__What is being asked__. Pictures must not appear in the copy. Set down exactly the line with "Ruijie Reyee RG-ES210GS-P" and each line after it through the end of the data below.

(Dataset items)
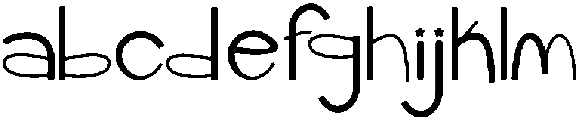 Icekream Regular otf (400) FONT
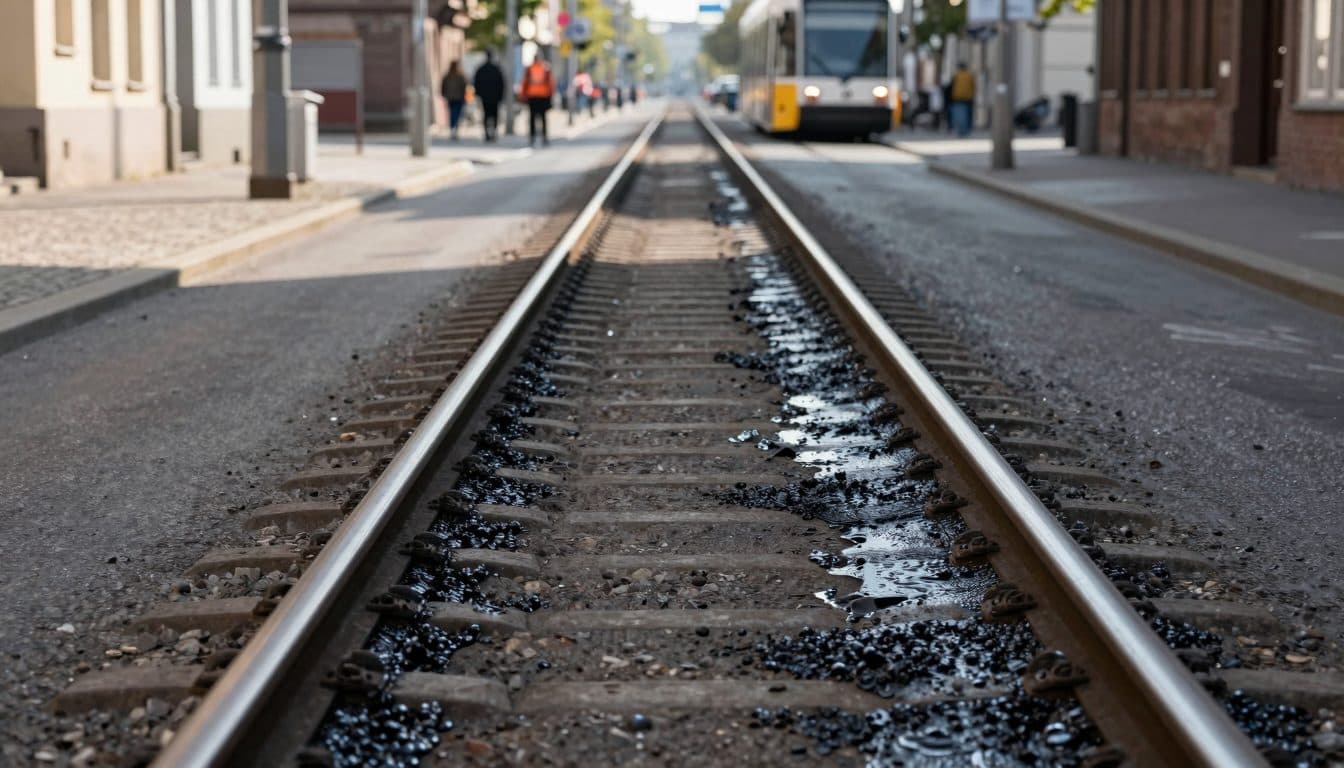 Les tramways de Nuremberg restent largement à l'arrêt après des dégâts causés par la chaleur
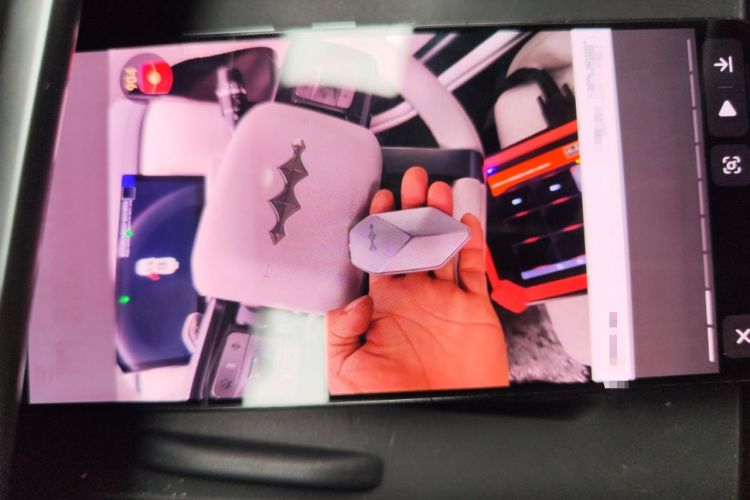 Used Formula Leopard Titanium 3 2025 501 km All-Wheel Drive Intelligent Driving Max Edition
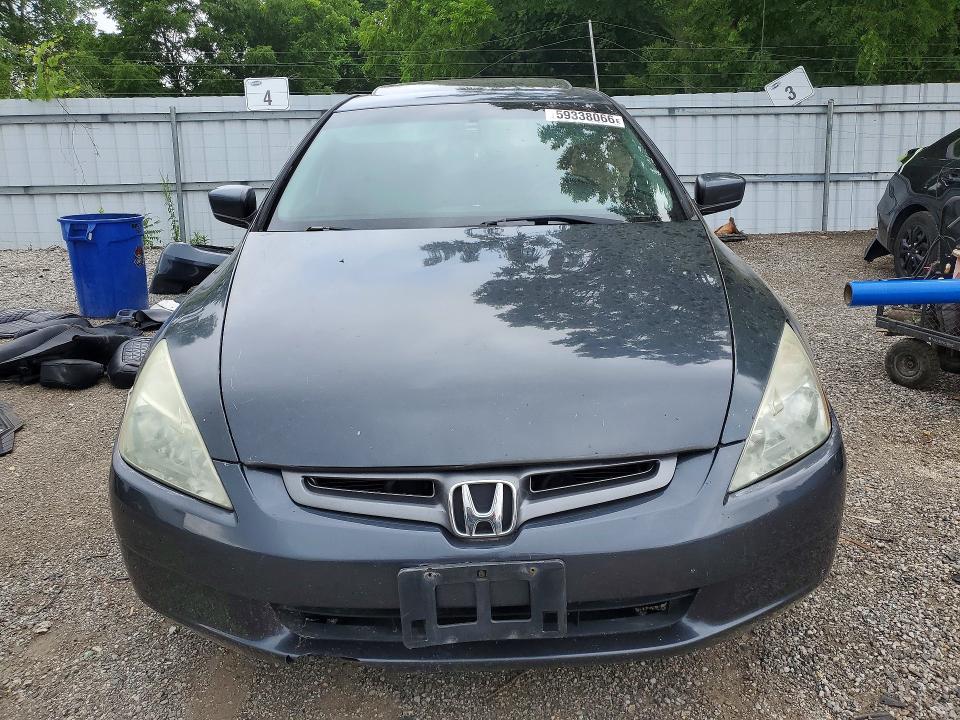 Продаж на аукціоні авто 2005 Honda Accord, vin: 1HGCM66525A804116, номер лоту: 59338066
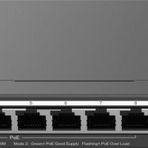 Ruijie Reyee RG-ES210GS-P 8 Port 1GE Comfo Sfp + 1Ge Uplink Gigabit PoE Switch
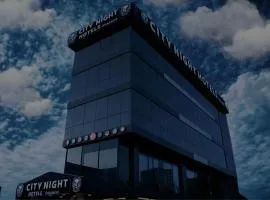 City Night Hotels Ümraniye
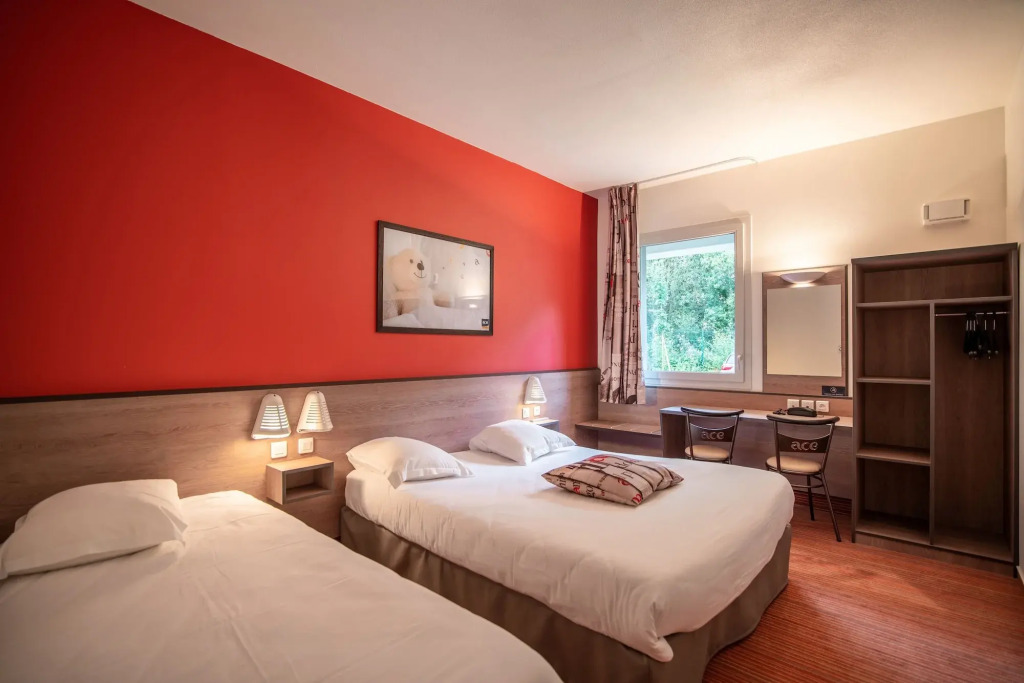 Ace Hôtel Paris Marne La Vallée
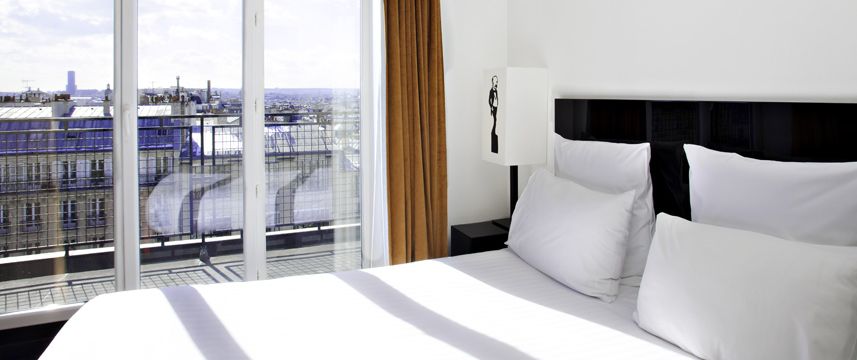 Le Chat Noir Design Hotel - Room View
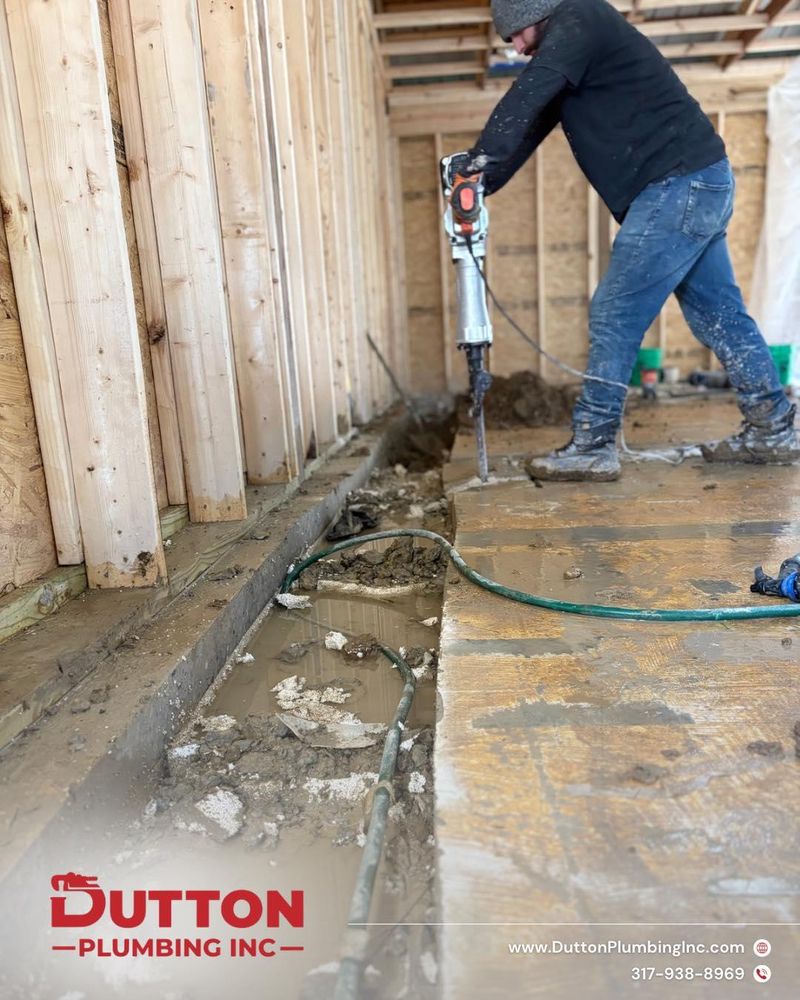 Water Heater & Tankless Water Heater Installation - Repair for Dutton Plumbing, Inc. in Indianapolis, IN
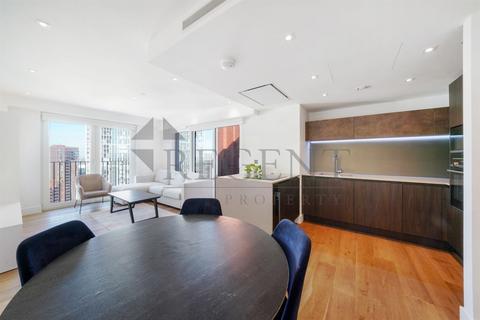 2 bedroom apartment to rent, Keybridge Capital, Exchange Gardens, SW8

__Response area__.
 Ruijie Reyee RG-ES210GS-P 8 Port 1GE Comfo Sfp + 1Ge Uplink Gigabit PoE Switch
 City Night Hotels Ümraniye
 Ace Hôtel Paris Marne La Vallée
 Le Chat Noir Design Hotel - Room View
 Water Heater & Tankless Water Heater Installation - Repair for Dutton Plumbing, Inc. in Indianapolis, IN
 2 bedroom apartment to rent, Keybridge Capital, Exchange Gardens, SW8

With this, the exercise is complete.